## Assigned task
Would you please transcribe, exactly as written, the lines of the entries below starting at the one that holds "Japanparts DV-6PK1130 V-ribbed" and ending at the one that holds "Guardtech support staff", both included?

## Data extracts
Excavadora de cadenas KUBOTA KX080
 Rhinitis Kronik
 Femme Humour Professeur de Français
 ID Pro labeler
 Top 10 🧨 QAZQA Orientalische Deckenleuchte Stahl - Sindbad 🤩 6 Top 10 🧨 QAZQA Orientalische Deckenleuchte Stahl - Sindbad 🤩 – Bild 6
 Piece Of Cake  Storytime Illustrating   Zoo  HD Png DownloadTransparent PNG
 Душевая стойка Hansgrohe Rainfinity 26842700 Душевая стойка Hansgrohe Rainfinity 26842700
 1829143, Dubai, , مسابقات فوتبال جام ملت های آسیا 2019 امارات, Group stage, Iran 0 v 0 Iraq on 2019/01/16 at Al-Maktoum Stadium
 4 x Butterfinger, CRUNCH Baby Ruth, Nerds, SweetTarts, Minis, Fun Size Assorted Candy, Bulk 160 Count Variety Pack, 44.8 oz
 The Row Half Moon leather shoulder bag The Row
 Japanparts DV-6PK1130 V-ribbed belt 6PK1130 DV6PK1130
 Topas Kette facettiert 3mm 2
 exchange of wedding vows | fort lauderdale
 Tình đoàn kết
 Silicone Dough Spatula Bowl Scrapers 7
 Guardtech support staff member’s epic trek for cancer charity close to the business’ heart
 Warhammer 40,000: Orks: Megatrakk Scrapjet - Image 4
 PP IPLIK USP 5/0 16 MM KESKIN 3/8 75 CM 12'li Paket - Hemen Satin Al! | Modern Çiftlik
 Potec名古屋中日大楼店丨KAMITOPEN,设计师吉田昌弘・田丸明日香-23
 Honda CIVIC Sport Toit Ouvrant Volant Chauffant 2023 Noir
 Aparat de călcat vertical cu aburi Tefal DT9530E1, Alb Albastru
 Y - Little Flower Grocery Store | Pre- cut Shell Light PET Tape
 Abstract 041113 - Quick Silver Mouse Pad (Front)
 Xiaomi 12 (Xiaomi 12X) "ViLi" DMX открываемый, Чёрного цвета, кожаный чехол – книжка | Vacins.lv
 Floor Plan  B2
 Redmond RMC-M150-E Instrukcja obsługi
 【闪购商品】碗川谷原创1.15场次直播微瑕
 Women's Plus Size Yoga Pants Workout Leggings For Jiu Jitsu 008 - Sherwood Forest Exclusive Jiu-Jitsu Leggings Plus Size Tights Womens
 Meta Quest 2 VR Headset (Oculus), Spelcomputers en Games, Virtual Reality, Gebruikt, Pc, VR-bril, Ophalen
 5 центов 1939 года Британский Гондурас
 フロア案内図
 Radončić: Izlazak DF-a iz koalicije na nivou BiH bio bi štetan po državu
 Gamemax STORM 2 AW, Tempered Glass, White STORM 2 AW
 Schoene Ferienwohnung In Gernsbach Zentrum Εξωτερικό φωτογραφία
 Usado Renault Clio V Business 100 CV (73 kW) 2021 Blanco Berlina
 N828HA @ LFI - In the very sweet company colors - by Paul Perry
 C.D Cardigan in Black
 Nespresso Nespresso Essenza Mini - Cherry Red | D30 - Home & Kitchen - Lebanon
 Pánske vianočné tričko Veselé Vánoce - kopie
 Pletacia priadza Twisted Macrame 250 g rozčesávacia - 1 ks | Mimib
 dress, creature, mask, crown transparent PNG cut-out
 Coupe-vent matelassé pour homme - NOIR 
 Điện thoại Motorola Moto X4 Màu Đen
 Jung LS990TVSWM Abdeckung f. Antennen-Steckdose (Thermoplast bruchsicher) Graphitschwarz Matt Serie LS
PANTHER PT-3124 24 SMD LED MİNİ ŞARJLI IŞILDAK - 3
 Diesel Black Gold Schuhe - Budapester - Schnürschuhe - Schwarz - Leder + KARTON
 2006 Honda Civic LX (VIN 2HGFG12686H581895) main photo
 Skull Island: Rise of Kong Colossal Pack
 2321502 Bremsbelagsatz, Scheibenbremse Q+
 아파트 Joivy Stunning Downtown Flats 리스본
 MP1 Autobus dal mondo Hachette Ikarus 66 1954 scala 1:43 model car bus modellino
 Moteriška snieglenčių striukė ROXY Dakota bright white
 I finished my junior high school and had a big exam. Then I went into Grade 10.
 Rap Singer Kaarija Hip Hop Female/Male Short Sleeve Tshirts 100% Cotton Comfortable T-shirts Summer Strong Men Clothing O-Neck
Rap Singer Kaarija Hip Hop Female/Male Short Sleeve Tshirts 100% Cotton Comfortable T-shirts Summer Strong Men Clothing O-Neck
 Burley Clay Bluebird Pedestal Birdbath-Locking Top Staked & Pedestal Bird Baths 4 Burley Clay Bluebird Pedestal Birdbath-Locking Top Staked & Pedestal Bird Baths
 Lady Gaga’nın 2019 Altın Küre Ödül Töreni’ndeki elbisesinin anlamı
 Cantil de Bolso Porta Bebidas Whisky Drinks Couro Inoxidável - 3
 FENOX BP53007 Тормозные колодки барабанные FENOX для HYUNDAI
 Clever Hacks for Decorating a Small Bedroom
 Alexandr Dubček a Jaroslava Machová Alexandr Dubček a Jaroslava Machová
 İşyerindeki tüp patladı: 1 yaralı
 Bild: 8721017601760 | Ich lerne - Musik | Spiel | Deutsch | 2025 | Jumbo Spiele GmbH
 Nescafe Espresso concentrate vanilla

## Solution to the problem
 Japanparts DV-6PK1130 V-ribbed belt 6PK1130 DV6PK1130
 Topas Kette facettiert 3mm 2
 exchange of wedding vows | fort lauderdale
 Tình đoàn kết
 Silicone Dough Spatula Bowl Scrapers 7
 Guardtech support staff member’s epic trek for cancer charity close to the business’ heart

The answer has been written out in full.